• EXERCISE REQUIREMENTS:
Only those lines in the data below from the line containing "corner drawers will" through the line containing "38 Adorable Christmas", both included, should be restated word for word.

• MATERIAL SUPPLIED:

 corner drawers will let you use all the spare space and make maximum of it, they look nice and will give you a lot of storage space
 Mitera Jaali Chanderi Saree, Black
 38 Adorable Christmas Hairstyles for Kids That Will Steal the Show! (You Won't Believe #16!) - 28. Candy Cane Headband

==

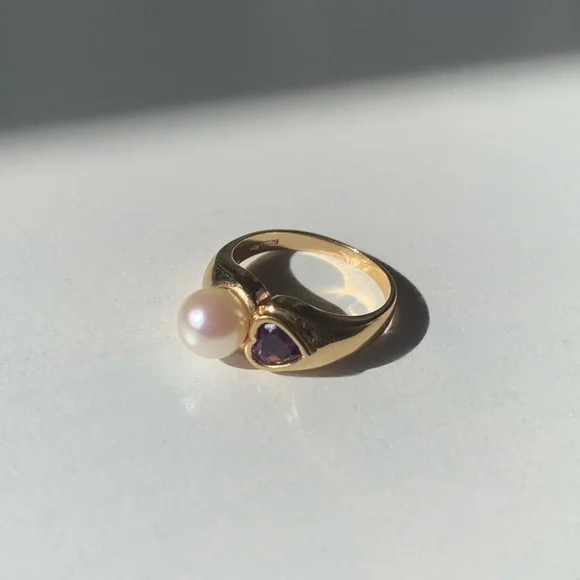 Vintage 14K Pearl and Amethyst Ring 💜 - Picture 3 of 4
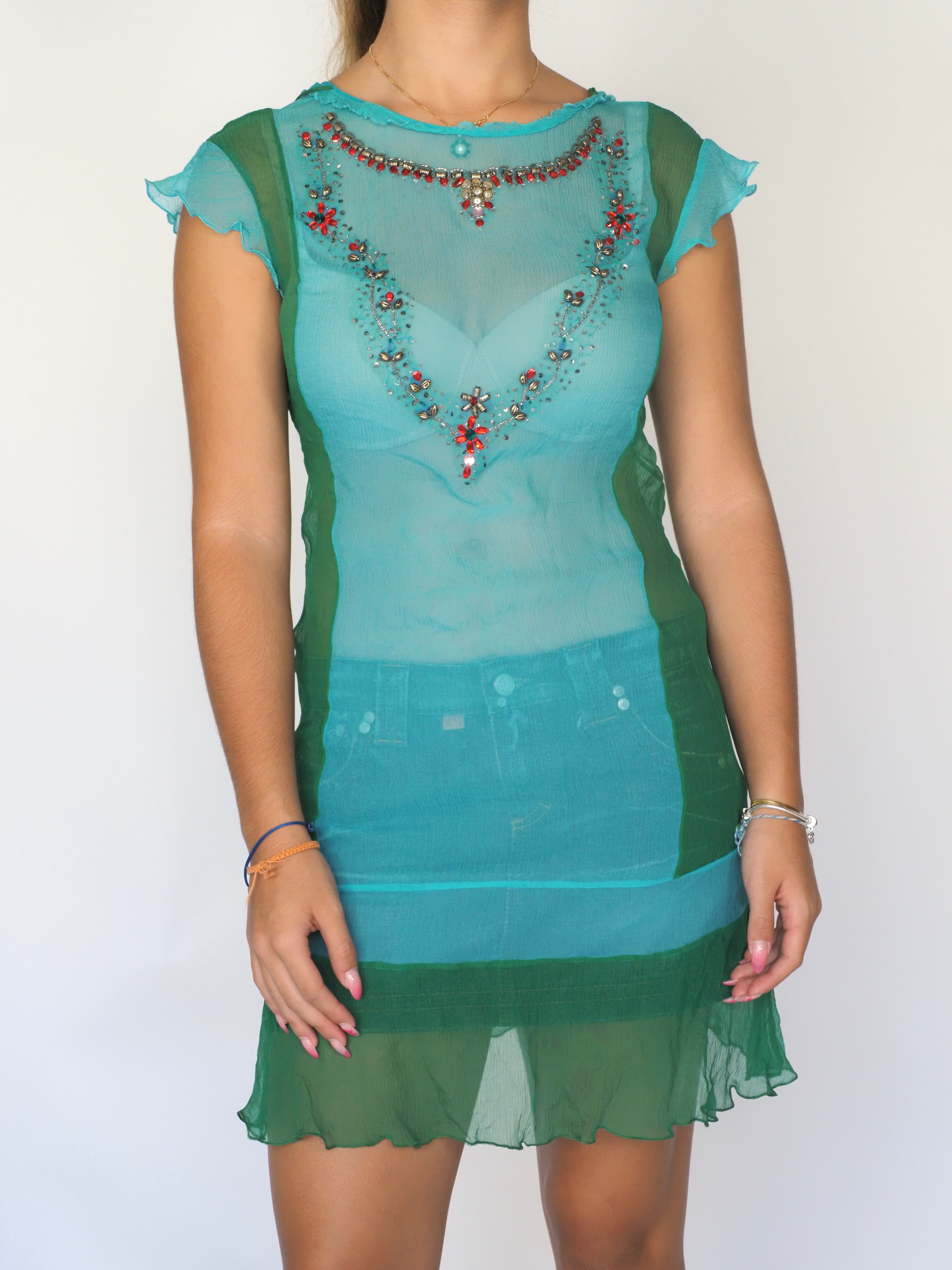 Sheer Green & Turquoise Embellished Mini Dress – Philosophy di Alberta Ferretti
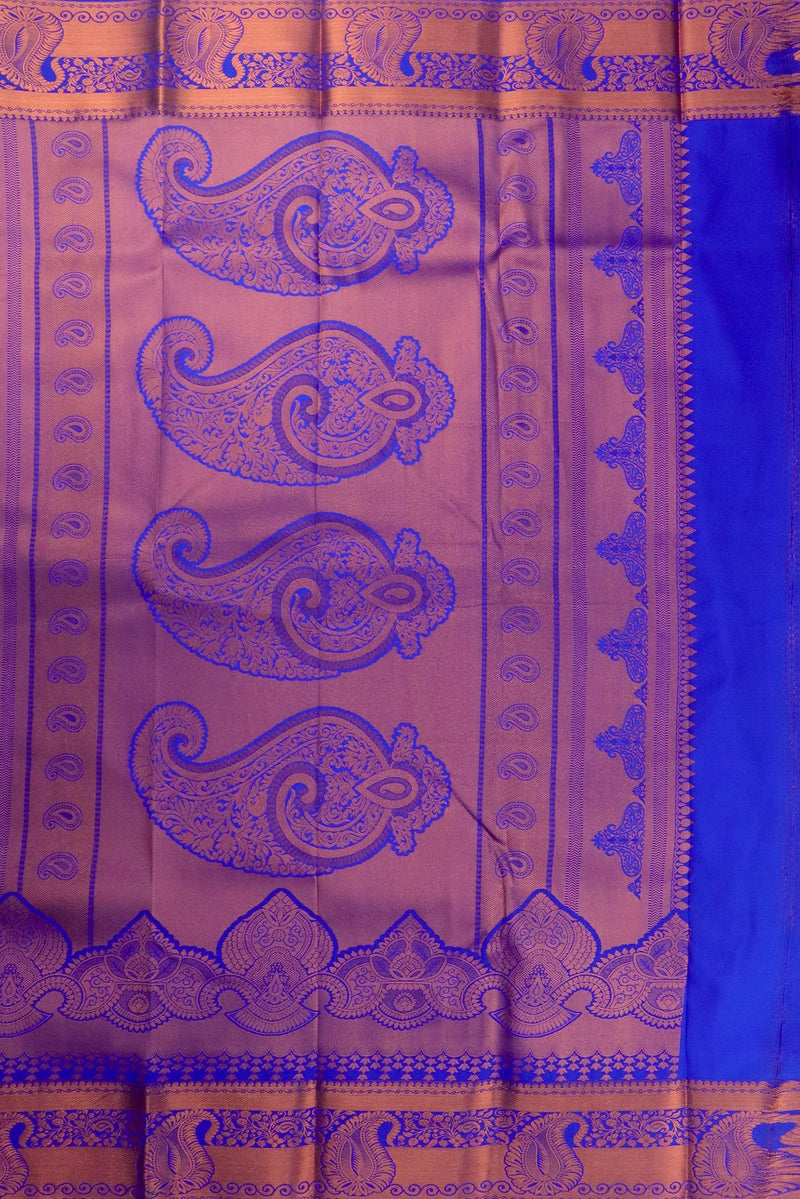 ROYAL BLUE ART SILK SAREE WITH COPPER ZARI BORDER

--

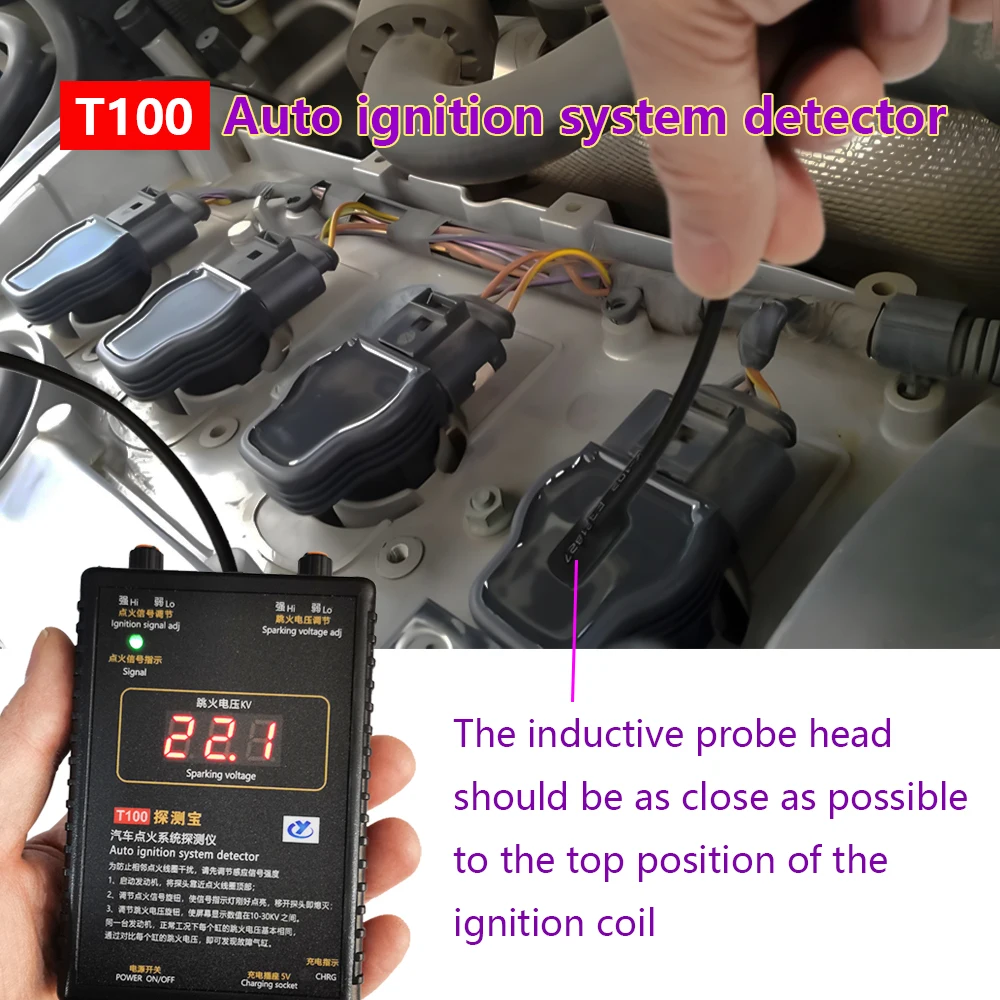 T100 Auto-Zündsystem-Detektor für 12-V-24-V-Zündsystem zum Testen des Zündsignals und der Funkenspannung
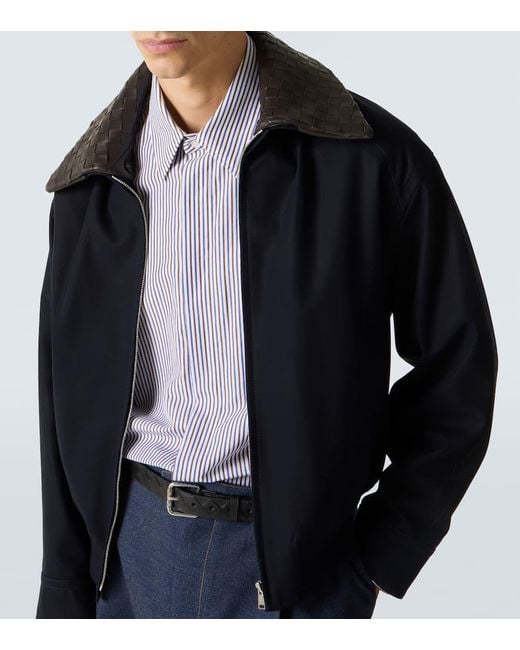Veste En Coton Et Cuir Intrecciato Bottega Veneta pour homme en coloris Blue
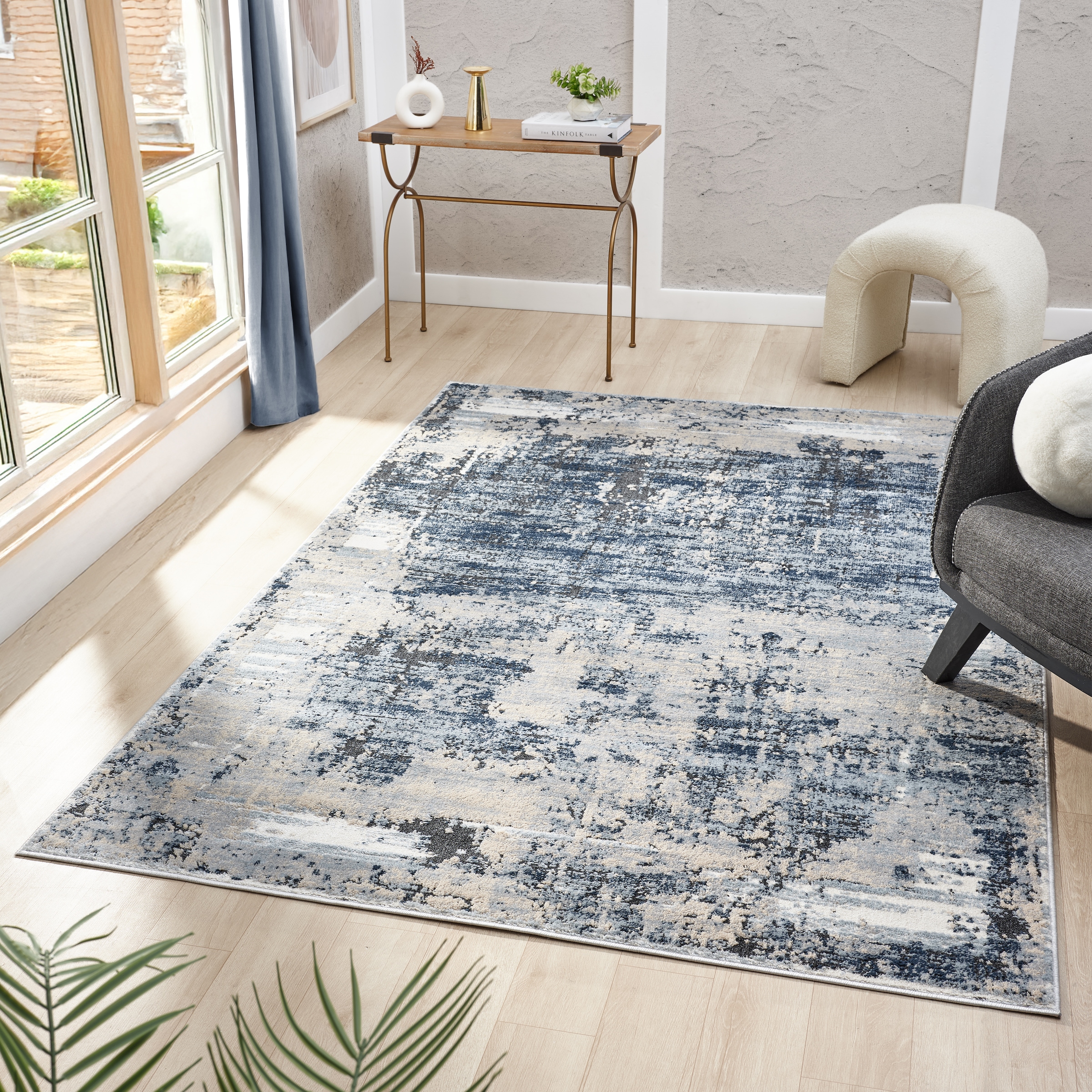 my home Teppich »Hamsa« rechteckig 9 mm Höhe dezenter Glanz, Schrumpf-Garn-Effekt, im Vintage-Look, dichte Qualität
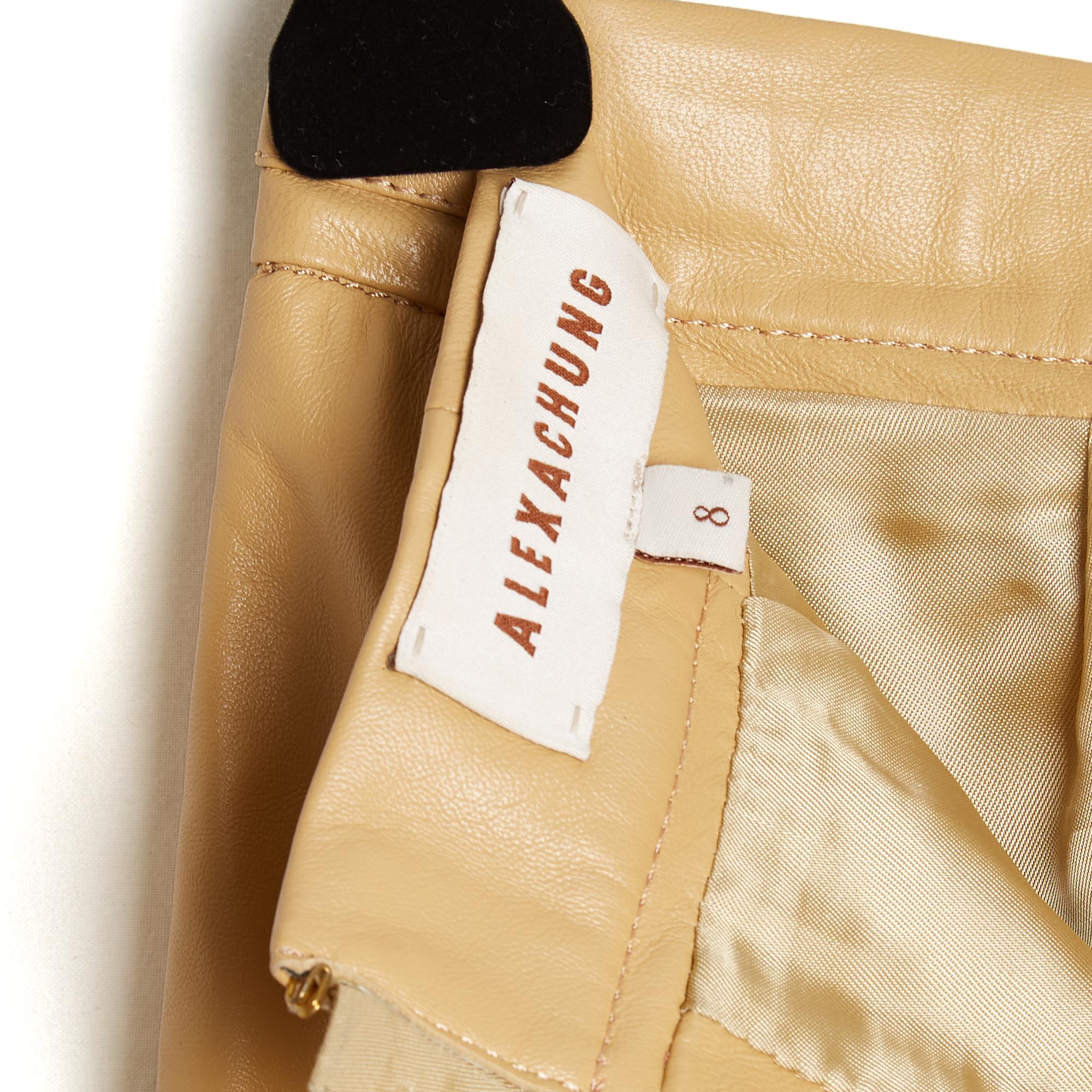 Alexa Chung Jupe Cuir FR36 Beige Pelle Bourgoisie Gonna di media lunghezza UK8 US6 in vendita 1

• SOLUTION BELOW:
 corner drawers will let you use all the spare space and make maximum of it, they look nice and will give you a lot of storage space
 Mitera Jaali Chanderi Saree, Black
 38 Adorable Christmas Hairstyles for Kids That Will Steal the Show! (You Won't Believe #16!) - 28. Candy Cane Headband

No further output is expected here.